We are now just over 12 months since GDPR came into force. From the outset, it was suggested that the new regulations would have a significant impact on E-mail Marketing.
The ironic thing is that GDPR did not actively change the rules on e-mail marketing. Regulations in this area were set out years earlier in the e-privacy directive in 2002. Since then you have needed Opt-in in for consumer emails, and a clear opt-out for B2B campaigns. GDPR did not change that. What it did do however was re-enforce the burden of proof re consumer opt-ins. In broad terms, B2B email regulations were not altered. B2B email without a specific opt-in is still permitted where there is a “Legitimate interest” in doing so.
GDPR 12 months on
So, 12 months on, where do we stand?
For B2C campaigns, the burden of proof regarding opt-in now means that double opt-in, where subscribers confirm their intention, is the only real option. This post focuses however to B2B campaigns, the arena where most of our readers sit.

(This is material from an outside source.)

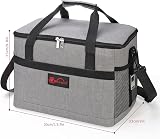 Vinsani 20L Cooler Bag Large Capacity Insulated Foldable Leakproof Portable view 6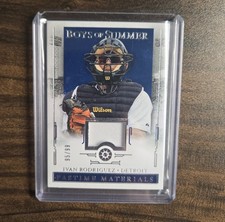 2025 Ivan Rodriguez /99 Panini Boys Of Summer #PM-IR Pastime Materials Patch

In B2B email, GDPR actually changed very little. When operating in markets where customer relationships go beyond simple email communications, and where broader relationships mean that strict double opt-in would become intrusive and unworkable, sending well-targeted emails to a contact group who are likely to be interested in your content, and where there is a clear and functional system for opting out (unsubscribing) is still perfectly legitimate.

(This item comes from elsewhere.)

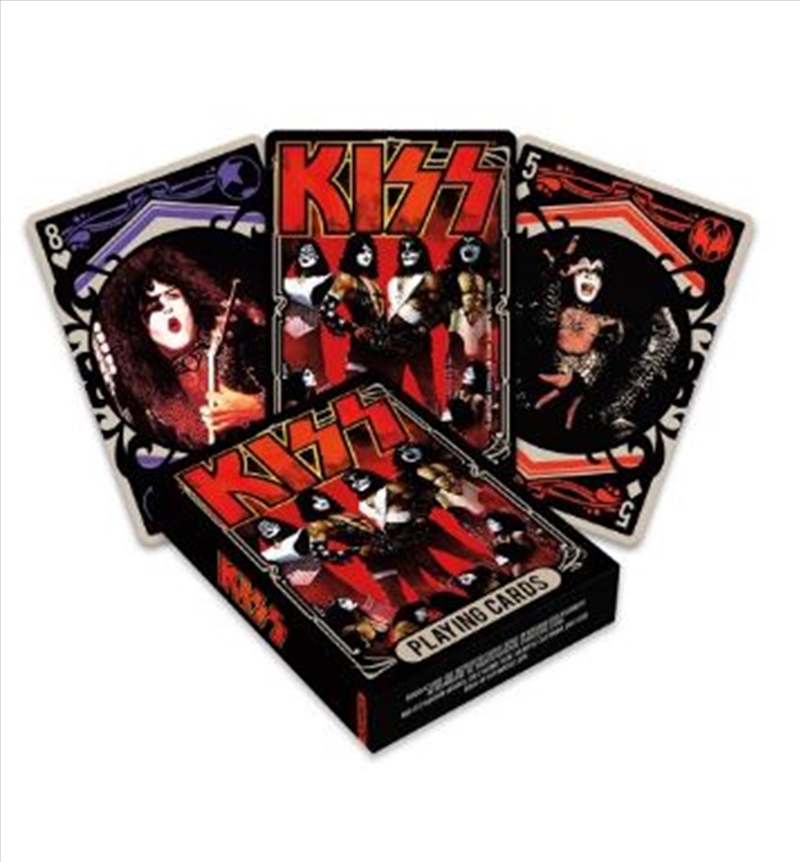 Kiss Photos Playing Cards/Product Detail/Card Games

Beyond the rules – attitudes have changed
However, post-GDPR, attitudes to email have changed. Not so much amongst recipients but rather in the minds of the companies supplying e-mail marketing solutions. In the eyes of these organisations, double opt-in is now the default. Whilst this may be appropriate given their focus on consumer markets, it can deliver challenges for legitimate B2B email marketers.
For these people it has shifted the attitude to e-mail, focusing squarely on quality, not quantity, and identifying email as a tool predominantly for communicating with people who already know who you are. The quality of your list is now, more than ever, critical to maintaining deliverability.
The best way to ensure this quality is to use double opt-in where you can be 100% sure that emails are accurate. However, where this is not possible, e-mail verification systems (we use one called kickbox.io), and the careful monitoring of bounces are key to maintaining list and data quality.
So, where are we 12 months on from GDPR? I think it has changed B2B e-mail marketing placing the focus squarely on quality rather than quantity, and forcing people to think about exactly how it is used, and who they target.
I think it has also increased the importance of Social Media (Especially LinkedIn in B2B markets) as a tool for reaching out more widely to your target market. But that is another post!